Peggy Neely released a statement reminding voters of the need for lobbyist reform. Neely's AWARE program (accountability, wisdom, accessibility, representation and ethics) would include posting lobbyist registrations online with increased financial reporting requirements. She also vowed to strengthen the conflict of interest policy by developing a clearer conflict of interest statement.
"We need more transparency in government. We don't even know who Mr. Gullett's clients are. How could the taxpayers ever trust he was serving them instead of himself?" Neely said in the statement.
Stanton challenged each of the candidates to sign his vow, which reads: "During my time as mayor, neither I nor any member of my staff will hold a personal financial stake in any firm or organization that lobbies public officials in the state of Arizona or accept payment of any kind from any company that lobbies public officials in the state of Arizona."
Stanton's campaign says Anna Brennan has agreed to sign the pledge while Neely and Gullett have declined.
"My opponents - and Wes Gullett especially - have an obligation to sign the ‘No Lobbyists in the Mayor's Office' pledge," Stanton said in a statement. "The people of Phoenix shouldn't have to wonder whether a mayor is making decisions because his household stands to profit."
Gullett released his own statement about conflicts of interest.
"Over the past several days, two of my opponents in the race for mayor have filled our residents' mailboxes with so-called campaign literature that is childish, misleading and full of outright falsehoods about me personally and my business," Gullett said. "Today, former council members Greg Stanton, Peggy Neely and Councilman Claude Mattox all issued statements that reek of hypocrisy... Their hypocrisy knows no bounds."
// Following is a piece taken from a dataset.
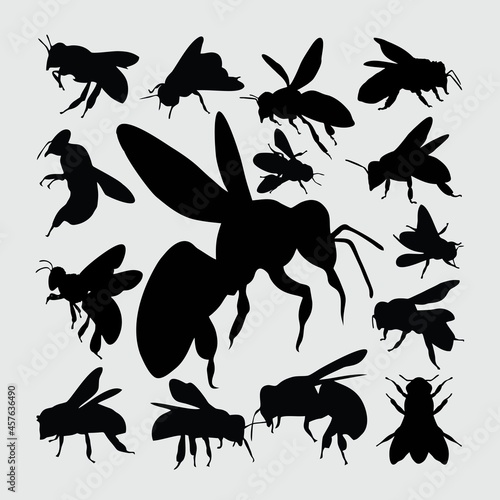 Bee Silhouette. A set of bee silhouettes © NRkz
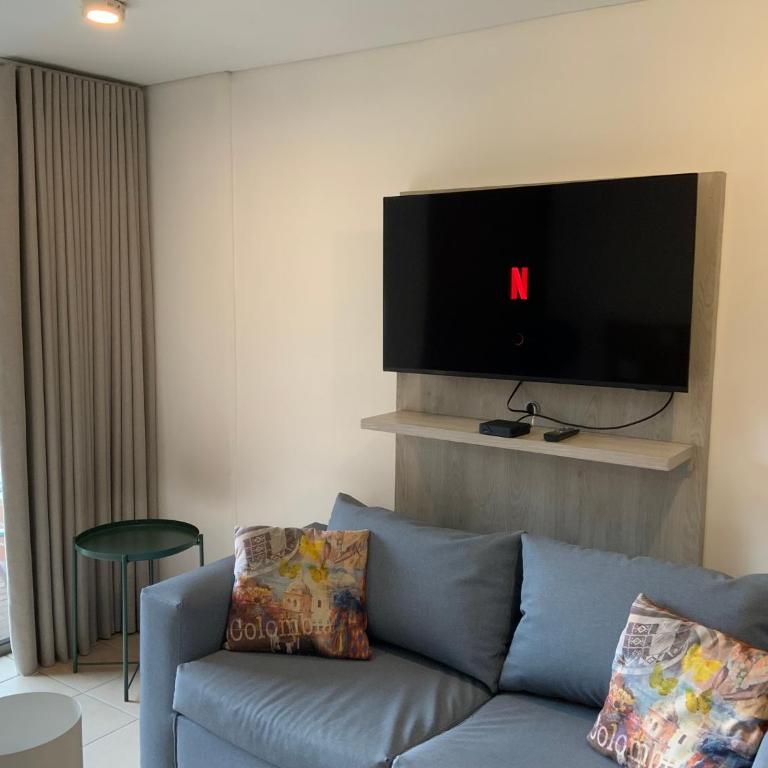 Amoblados Medellin Poblado Patio Bonito - Studio Apartment with Balcony - 5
Gullett accused Stanton's co-chair of his campaign, Paul Lopez, of being a powerful city hall lobbyist. Neely employs Fiesta Bowl lobbyist Chuck Coughlin as her primary campaign consultant.
Gullett also said that Mattox has refused to resign his seat as public safety subcommittee chairman "and has accepted the endorsement and significant campaign contributions from the very union he oversees."
Candidate Jennifer Wright, who was not allowed at the chamber's forum, said she did not sign Stanton's pledge but she will release one of her own soon. Wright said she has always believed Gullett's company was a conflict of interest.